In his thoughtful editorial on the recent controversy over calcium channel blockers [1], Dr. Messerli correctly points out that the research methods used in two recent studies on this topic [2, 3] are prone to various biases. Although we agree with the general comments made in the editorial, we make three points about the case–control study by Psaty and colleagues [2].

Dr. Messerli states that this study may have been subject to selection bias and that hypertensive patients with coronary artery disease may have been more likely to be treated with calcium antagonists than with diuretics. Psaty and colleagues, however, present results that address this concern: Among persons with cardiovascular disease, 52.5% were receiving diuretics and only 37.4% were receiving calcium channel blockers. Furthermore, all persons with known cardiovascular disease were excluded from the study's principal analysis.

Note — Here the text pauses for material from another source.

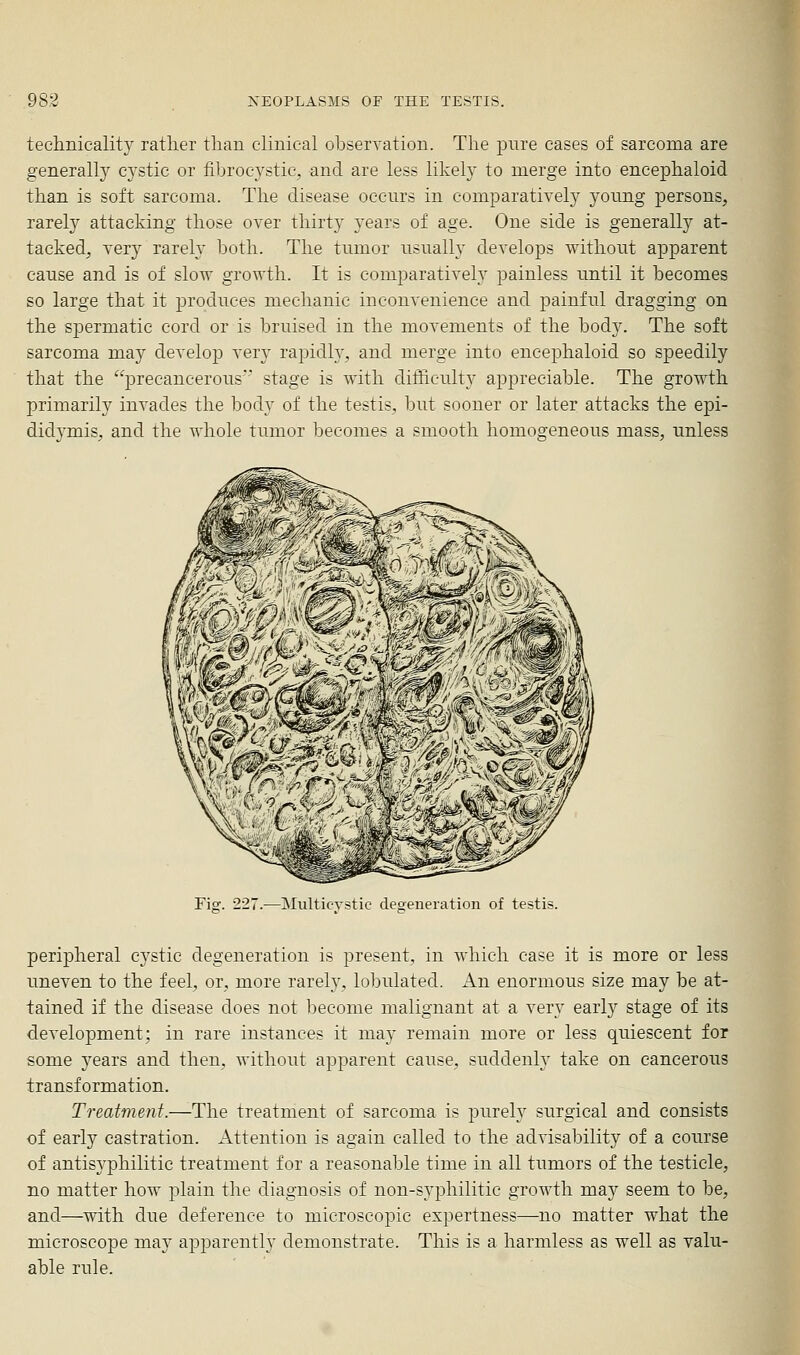 technicality ratlier than clinical observation. The pure cases of sarcoma are generally cystic or fibrocystic, and are less likely to merge into encephaloid than is soft sarcoma. The disease occurs in comparatively young persons, rarely attacking those over thirty years of age. One side is generally at- tacked, very rarely both. The tumor usually develops without apparent cause and is of slow growth. It is comparatively painless until it becomes so large that it produces mechanic inconvenience and painful dragging on the spermatic cord or is bruised in the movements of the body. The soft sarcoma may develop) very rapidly, and merge into encephaloid so speedily that the precancerous' stage is with difficulty appreciable. The growth primarily invades the body of the testis, but sooner or later attacks the epi- didj^mis, and the whole tumor becomes a smooth homogeneous mass, unless Fio^. 227.—MulticYstic deaeneration of testis. peripheral cystic degeneration is present, in which case it is more or less uneven to the feel, or, more rarely, lobulated. An enormous size may be at- tained if the disease does not become malignant at a very early stage of its development; in rare instances it may remain more or less quiescent for some 5^ears and then, without apparent cause, suddenly take on cancerous transformation. Treatment.—The treatment of sarcoma is purely surgical and consists of early castration. Attention is again called to the advisability of a course of antis3'philitic treatment for a reasonable time in all tumors of the testicle, no matter how plain the diagnosis of non-syphilitic growth may seem to be, and—with due deference to microscopic expertness—no matter what the microscope may apparently demonstrate. This is a harmless as well as valu- able rule.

A second form of bias that can arise in case–control studies is recall bias, in which differential recollection of previous exposures can lead to spurious associations between disease and exposure variables. Although recall bias may have affected the recording of potential confounding variables, the exposure variable of medication use was determined from computerized pharmacy data, not from patient recall.

Finally, Psaty and colleagues did their study on a well-defined patient sample—enrollees in the Group Health Cooperative of Puget Sound. Through careful screening of computerized data, researchers could identify 95% of incident myocardial infarctions. Sampling bias was thus less likely because the study cases were representative of incident disease in the underlying patient population.

Dr. Messerli is correct in stating that case–control studies are like bouillabaisse: "One tainted fish will spoil the pot." However, clinicians should recognize and appreciate the substantial strengths of the study by Psaty and coworkers and should not dismiss its findings solely on the basis of its case–control design.